The conference in the Red Sea resort of Sharm el-Sheikh comes in a fraught year marked by Russia's war on Ukraine, an energy crunch, soaring inflation and the lingering effects from the Covid pandemic.

But Simon Stiell, the UN's climate change executive secretary, said he would not be a "custodian of backsliding" on the goal of slashing greenhouse emissions 45 percent by 2030 to cap global warming at 1.5 degrees Celsius above late-19th-century levels.

Current trends would see carbon pollution increase 10 percent by the end of the decade and Earth's surface heat up 2.8C, according to findings unveiled last week.

Promises made under the 2015 Paris Agreement would, if kept, only shave off a few tenths of a degree.

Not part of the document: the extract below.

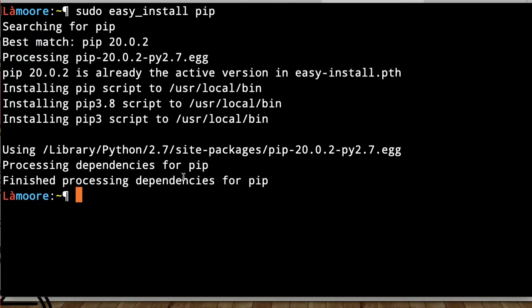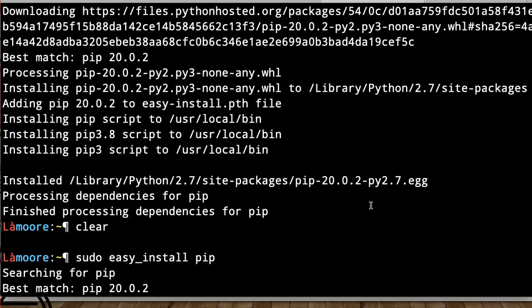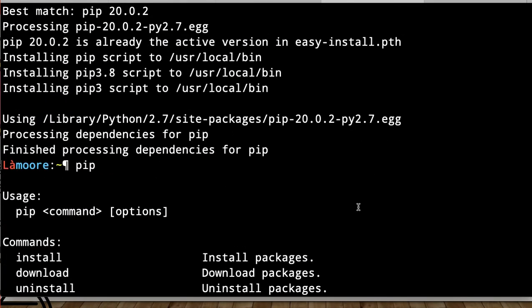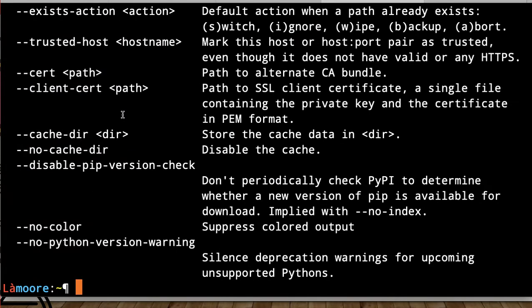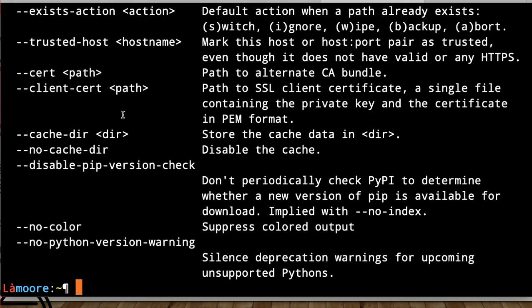I already have it installed, so you can type 'pip' to verify. If you get output that's not an error, that means it's installed.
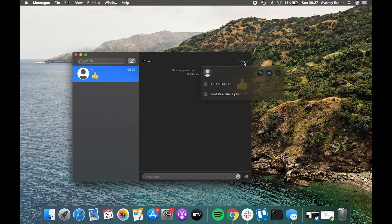You can share your screen on FaceTime via the Messages app that also comes pre-installed on Mac. There's no need to download anything or create any new accounts. Open the Messages app and sign in with your Apple ID account. Find the chat with the user you want to share your screen with, or start a new chat with them. In the upper right corner of the chat, find the Details button and click on it, then tap on the double screen icon.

In a dire warning, the UN's World Meteorological Organization said the past eight years are on track to be the eight warmest on record, with an acceleration in sea level rise, glacier melt and heatwaves.

"As COP27 gets underway, our planet is sending a distress signal," UN chief Antonio Guterres said in a statement.

The COP27 summit will focus like never before on money -- a major sticking point that has soured relations between countries that got rich burning fossil fuels and the poorer ones suffering from the worst consequences of climate change.

Delegates agreed on Sunday to put the "loss and damage" issue on the COP27 agenda, a first step toward what are sure to be fraught discussions.

Inclusion of the agenda item "reflects a sense of solidarity and empathy for the suffering of the victims of climate induced disasters," said COP27 president Sameh Shoukry of Egypt.

"We all owe a debt of gratitude to activists and civil society organisations who have persistently demanded the space to discuss funding for loss and damage," he said to applause.

Shoukry also noted that rich nations have not fulfilled a separate pledge to deliver $100 billion per year to help developing countries green their economies and build resilience against future climate change.

He also lamented that most climate financing is based on loans.

"We do not have the luxury to continue this way. We have to change our approaches to this existential threat," he said, calling for solutions that "prove we are serious about not leaving anyone behind".

After the first day of talks, more than 120 world leaders will join the summit on Monday and Tuesday.